CommonObjectRequestBrokerArchitecture
- ...made by inserting the dog into the air filter of a mac truck
EnterpriseServiceBus
- ...made by surgically inserting a chihuahua into a poodle, the poodle into a great dane, and the great dane into the air filter of a mac truck.
IntercalLanguage
?
- ...is a plush toy octopus whose owners take great pride in telling you what they have named each of its limbs.
AdaLanguage
- Stapling six extra legs to a dog and calling it a squid.
ScalaLanguage
- Made by taking the far-above housebroken, boneless dog (plus machine shop), and giving it a special exoskeleton modeled after the genetically-altered thing that lets it move like a distant cousin of an octopus. Oh, and it seems to think it's a cat. Later had extensive surgery that grafted hydra-heads on to some of its tentacles, but not all of them. It can do anything that a boneless dog in a machine shop can do. Originally, it was going to be able to work with boneless dogs with bones drawn on, but it was too hard to convert metric to imperial when trying to mix the machine shops, so most people don't do that.
InformLanguage
- Made by attaching tentacles onto you. Unfortunately, they're voice-controlled, and can't do anything practical. However, for some strange reason, they seem to work great for aiding you in performing plays, singing songs, and generally being entertaining. (Seriously, check out the Inform 99 bottles of beer-the code is really much more of a treat than the output.)
PhpLanguage
- Made by taking a dog, removing its legs, and adding eight limbs from eight different phyla.

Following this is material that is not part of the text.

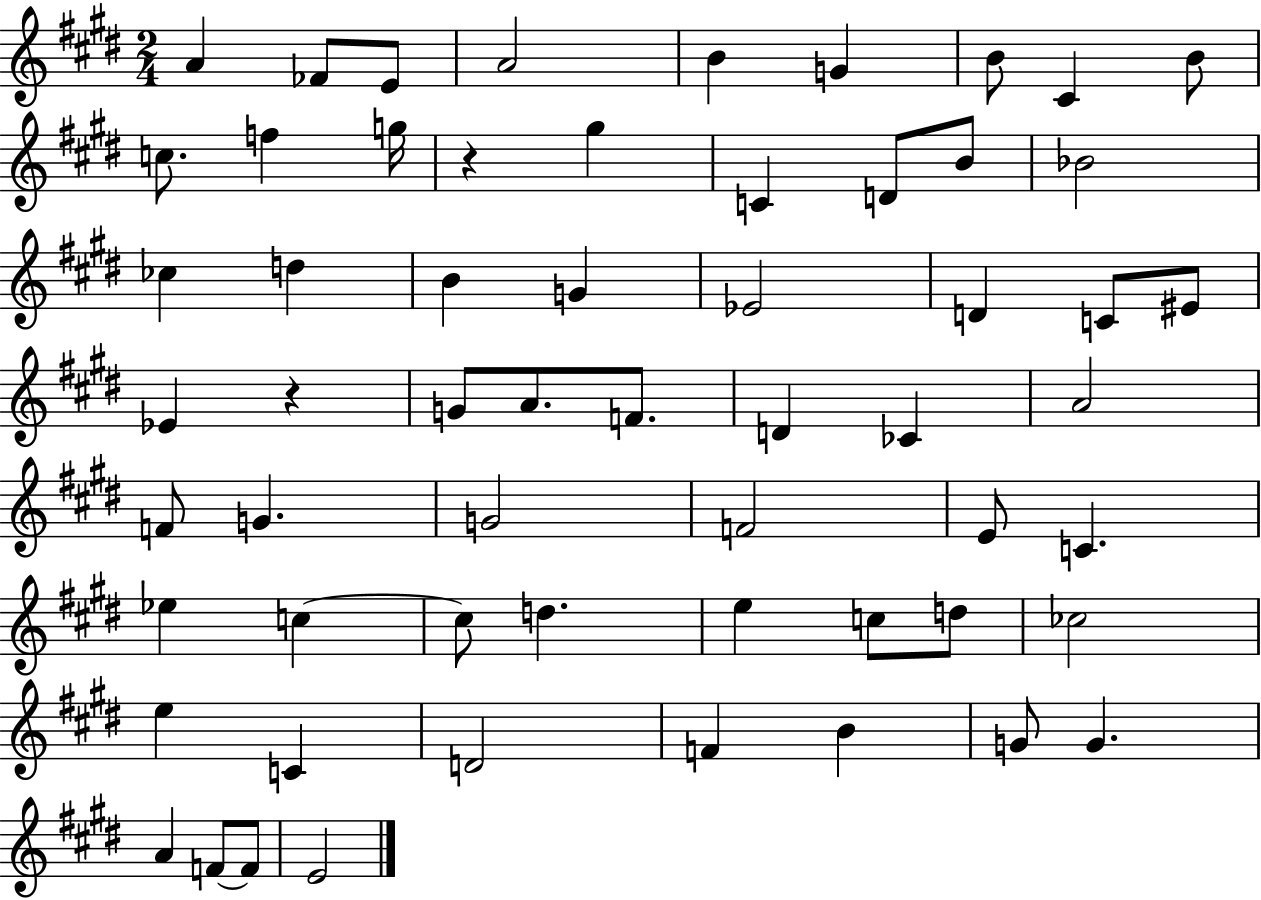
A4/q FES4/e E4/e A4/h B4/q G4/q B4/e C#4/q B4/e C5/e. F5/q G5/s R/q G#5/q C4/q D4/e B4/e Bb4/h CES5/q D5/q B4/q G4/q Eb4/h D4/q C4/e EIS4/e Eb4/q R/q G4/e A4/e. F4/e. D4/q CES4/q A4/h F4/e G4/q. G4/h F4/h E4/e C4/q. Eb5/q C5/q C5/e D5/q. E5/q C5/e D5/e CES5/h E5/q C4/q D4/h F4/q B4/q G4/e G4/q. A4/q F4/e F4/e E4/h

One of them is bound to be a tentacle.
See also LanguageAsFoodMetaphor and LanguagesAreLikeGames for similar silliness.
This page certainly serves as evidence that some programmers have a poor sense of humor, and no idea when to stop. Most of the above are neither funny nor informative. - So it's true! Programmers are human beings after all!
I'm not sure how I could inform someone about a language using this kind of joke. As for humor, well, that's heavily subjective. I do especially like the Scheme one.
I got some quite heavy laughs from this. So it is funny. Probably not for everyone.
Agreed with above. Extremely humorous. But then, I suppose there's no accounting for taste.
The above about PhpLanguage was spot on.
Grammatically correct and articulate unfunniness delivered with relentless verbosity. This article is an example of what occasionally ensues when AspergersSyndrome and humor coincide.
Assuming it was all written at once by one person. Highly unlikely. More likely it just goes to show that even the Aspie in all of us likes a little bit of an outing now and then.
The edit log shows that it has been edited more than 40 times over the eight years since it was first invented. More than one mind is involved.